Copy the data that follows, character for character, minus the pictures.
-- GIVEN MATERIAL follows --
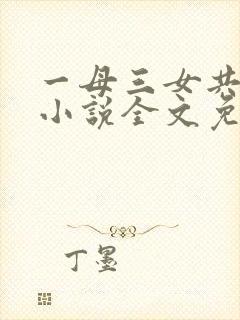 一母三女共一婿小说全文免费阅读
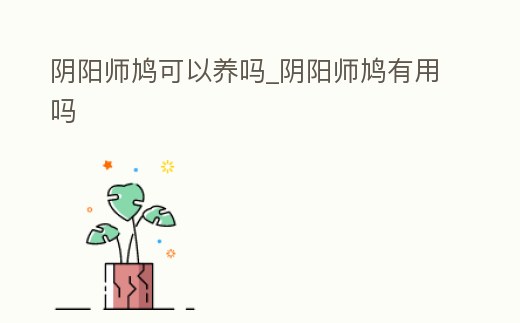 陰陽師鳩可以養(yǎng)嗎_陰陽師鳩有用嗎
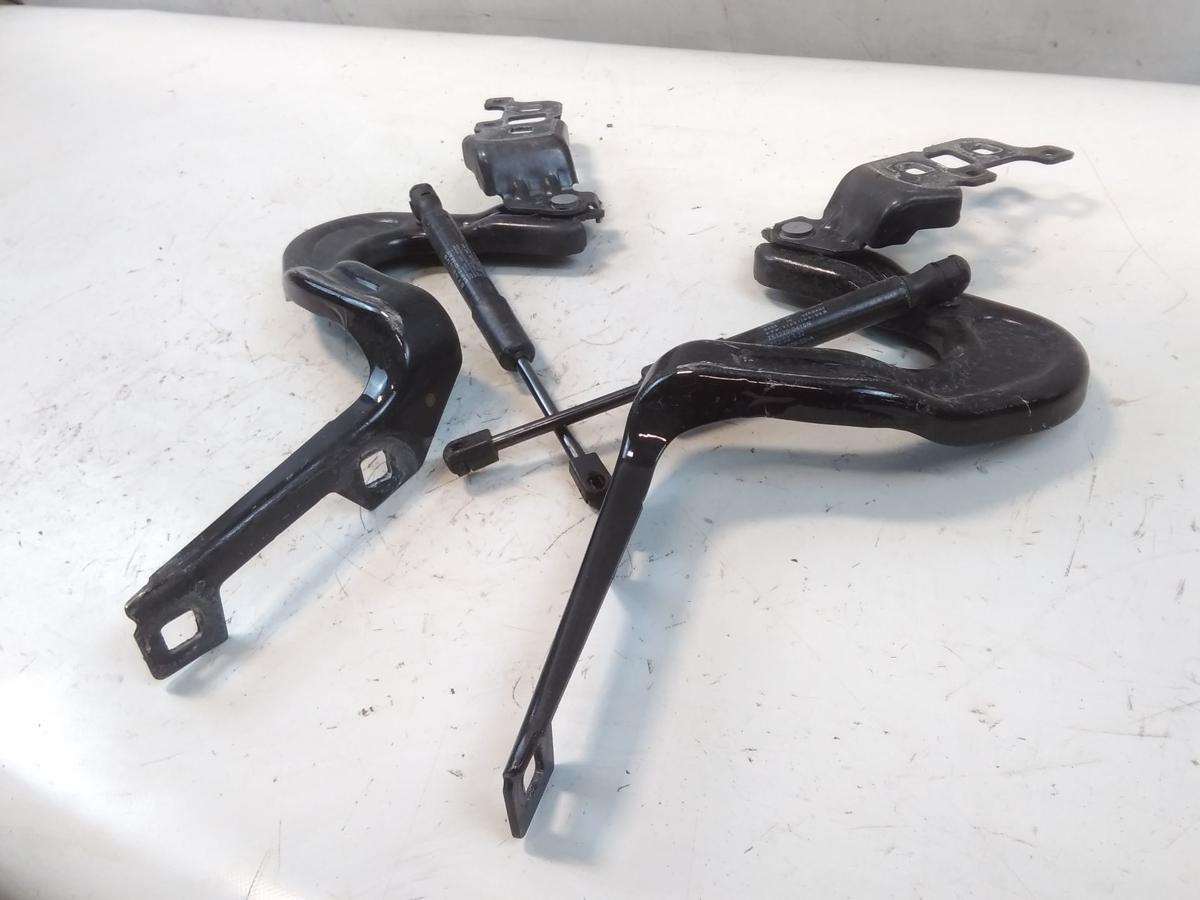 Tesla Model Y original Satz Motorhaubenscharniere unfallfrei BJ2023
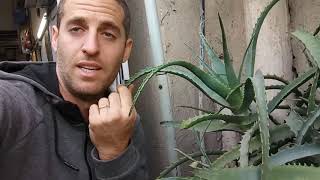 גידול אלוורה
-- GIVEN MATERIAL concluded --
(WRITTEN ANSWER):
 一母三女共一婿小说全文免费阅读
 陰陽師鳩可以養(yǎng)嗎_陰陽師鳩有用嗎
 Tesla Model Y original Satz Motorhaubenscharniere unfallfrei BJ2023
 גידול אלוורה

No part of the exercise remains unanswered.